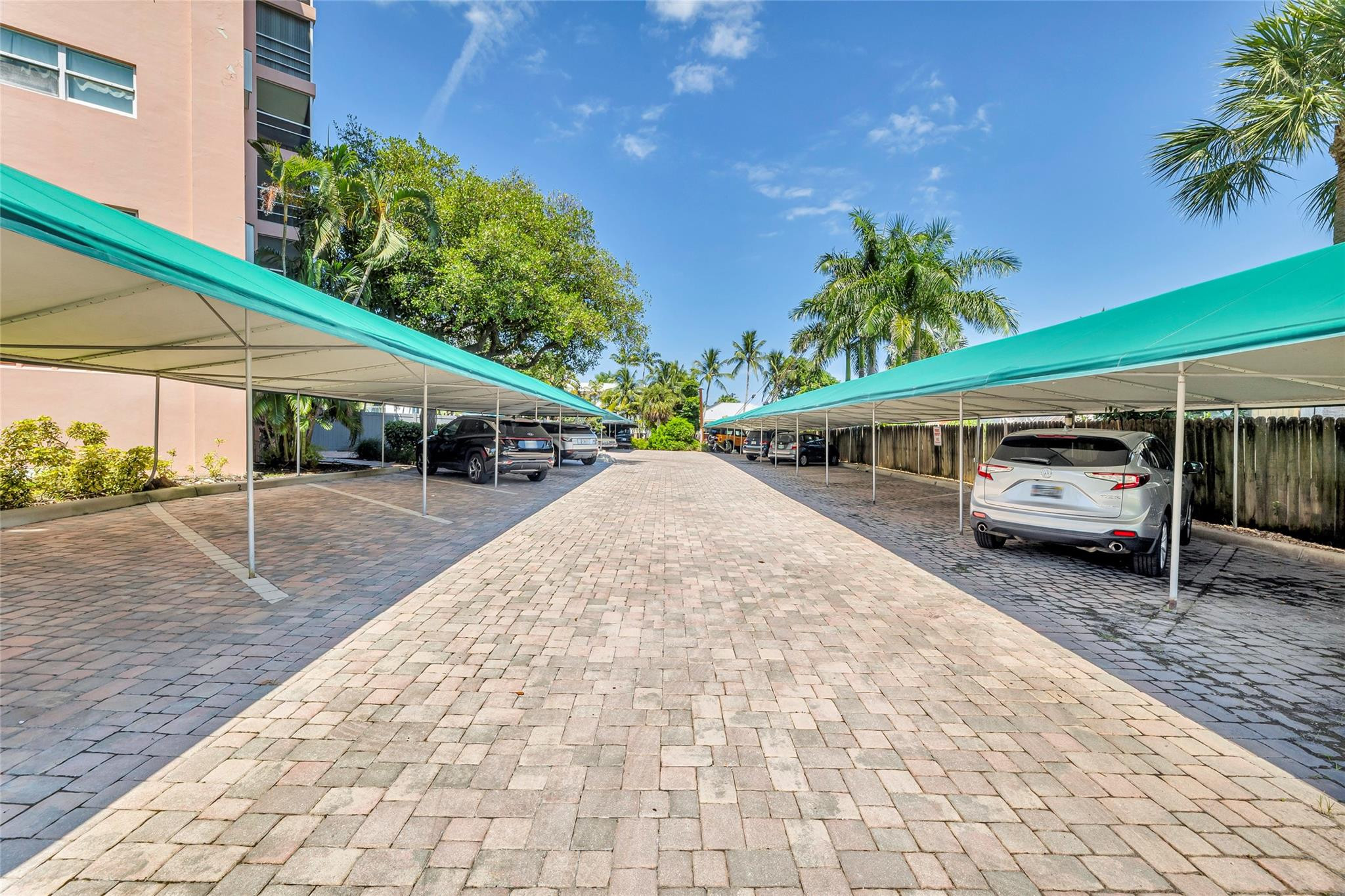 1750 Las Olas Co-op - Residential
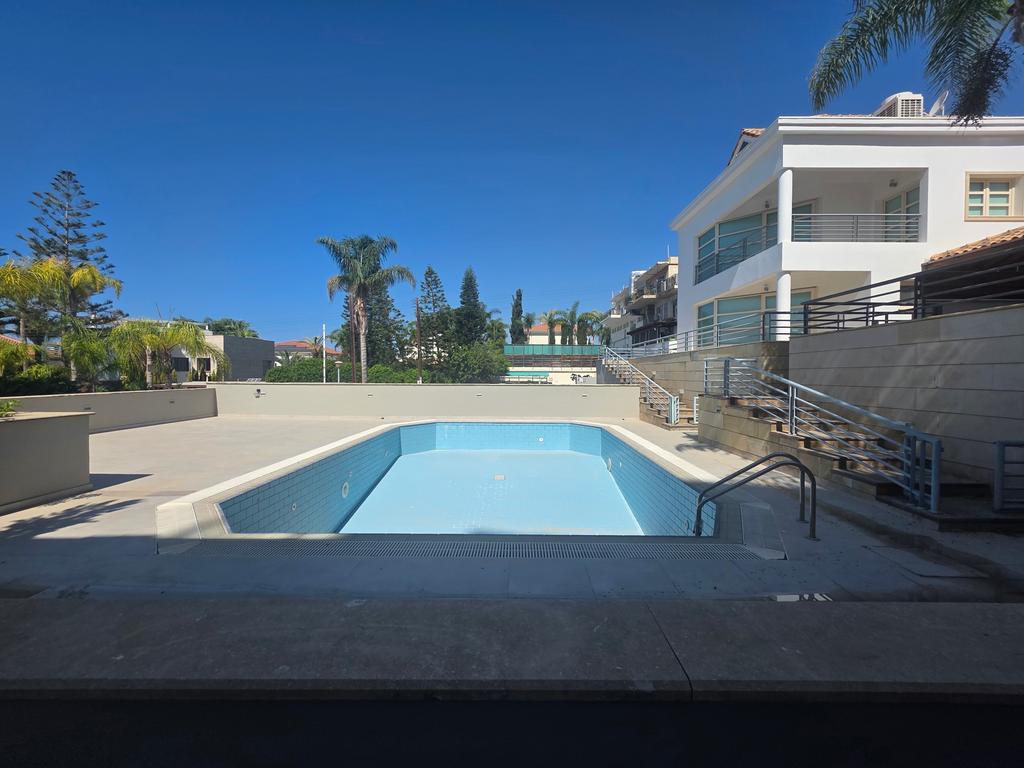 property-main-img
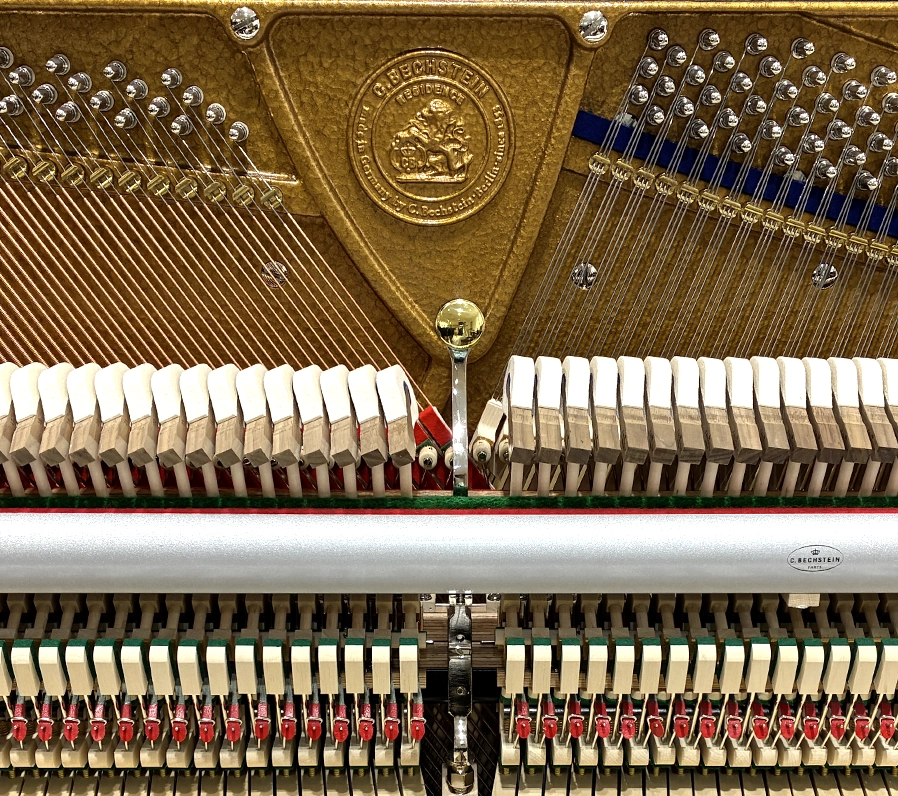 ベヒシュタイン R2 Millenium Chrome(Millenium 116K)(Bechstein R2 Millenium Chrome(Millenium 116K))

☆ ☆ ☆ ☆

Return the material exactly as written, except for any pictures it holds.

 1750 Las Olas Co-op - Residential
 property-main-img
 ベヒシュタイン R2 Millenium Chrome(Millenium 116K)(Bechstein R2 Millenium Chrome(Millenium 116K))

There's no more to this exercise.